In this episode, Stephanie asks, Is there a good system for centralizing ideas? What tools do you use? It depends.
It depends on what the type of idea is.
There's so many different formats and things that you can use to store ideas.
But there's a few tools I think, are really essential.
The first one, I'll bring this up here is Snagit.
So this is by techsmith.
They make the software screen capture software, and the ability to just take screenshots include parts of your screen and store them in an X that was really helpful.
And you can see here, I've got, this is the interface.
And then you flip this around.
What you can see is it has a library of all the screenshots you've taken in the past, which is, again, super helpful to be able to look at what you've done, what you've taken photos of, and catalog them things like that.
When it comes to images in general, though, the absolute best tool by far is Google Photos.
Because when you upload images, including like screenshots to Google Photos, it's AI has automatic image recognition.
And it's going to automatically analyze and scan what is in the photo.
So you could have been typing into the search box in your Google Photos account, you know, conference, room, table, dinner car, people smiling your dog.
And in doing so, it gives you access to a huge essentially catalogue of your own stock photography and your own ideas.
That includes having the Google Photos app on your phone.
Because again, if you're out and about and you see something cool, we take a photo of it.
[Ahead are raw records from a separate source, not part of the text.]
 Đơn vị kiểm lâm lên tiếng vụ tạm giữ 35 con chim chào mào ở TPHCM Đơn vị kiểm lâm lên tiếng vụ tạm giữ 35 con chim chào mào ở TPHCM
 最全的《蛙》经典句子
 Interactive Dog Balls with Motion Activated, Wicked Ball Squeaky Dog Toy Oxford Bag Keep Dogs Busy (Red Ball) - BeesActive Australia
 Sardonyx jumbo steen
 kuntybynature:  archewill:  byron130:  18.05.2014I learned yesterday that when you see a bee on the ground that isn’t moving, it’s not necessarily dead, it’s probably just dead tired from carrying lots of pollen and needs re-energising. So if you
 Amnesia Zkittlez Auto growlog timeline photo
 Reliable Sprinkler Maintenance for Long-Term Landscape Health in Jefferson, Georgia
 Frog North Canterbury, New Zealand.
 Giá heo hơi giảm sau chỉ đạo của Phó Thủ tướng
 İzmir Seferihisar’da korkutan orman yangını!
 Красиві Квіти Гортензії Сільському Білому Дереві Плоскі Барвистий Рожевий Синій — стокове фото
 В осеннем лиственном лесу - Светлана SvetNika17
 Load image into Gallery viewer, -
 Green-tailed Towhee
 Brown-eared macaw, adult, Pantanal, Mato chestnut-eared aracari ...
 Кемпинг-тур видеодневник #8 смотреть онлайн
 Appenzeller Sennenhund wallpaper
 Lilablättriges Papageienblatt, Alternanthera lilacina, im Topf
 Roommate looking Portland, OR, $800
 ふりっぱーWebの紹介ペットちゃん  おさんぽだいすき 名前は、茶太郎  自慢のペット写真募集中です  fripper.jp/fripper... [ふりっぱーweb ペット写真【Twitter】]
And obviously, all your phone is recording things like your location, the time, the day, all that stuff, but more than anything, it's indexing it so you see a great idea on a billboard to take a photo of you does, you know some fun things happening outside I was going to say at an event, but those shouldn't be happening.
Take a photo of it and it goes into Google Photos for indexing.
If you work on a content marketing team, setting up a generic gmail account for your team and having it linked to Google Photos is a super powerful way to have your own stock photography library, right? If you have people taking photos around the office and things loaded onto Google Photos, make sure they're loading all of the stuff they intend to and not all their stuff.
You don't want people's personal stuff in there.
And then you have an index, you have a huge index that you can use for your own stock photography for writing, the tool I use, I used to use Evernote and I still do somewhat but when it comes to idea storage or retrieval, this one's open source package called Joplin.
I love Joplin for a couple of reasons.
One, it's free and it's open source, which is cross platform to Joplin allows you Joplin allows you to sync with the cloud service of your choice.
So drive Dropbox, etc.
But most important, Joplin supports what's called markdown.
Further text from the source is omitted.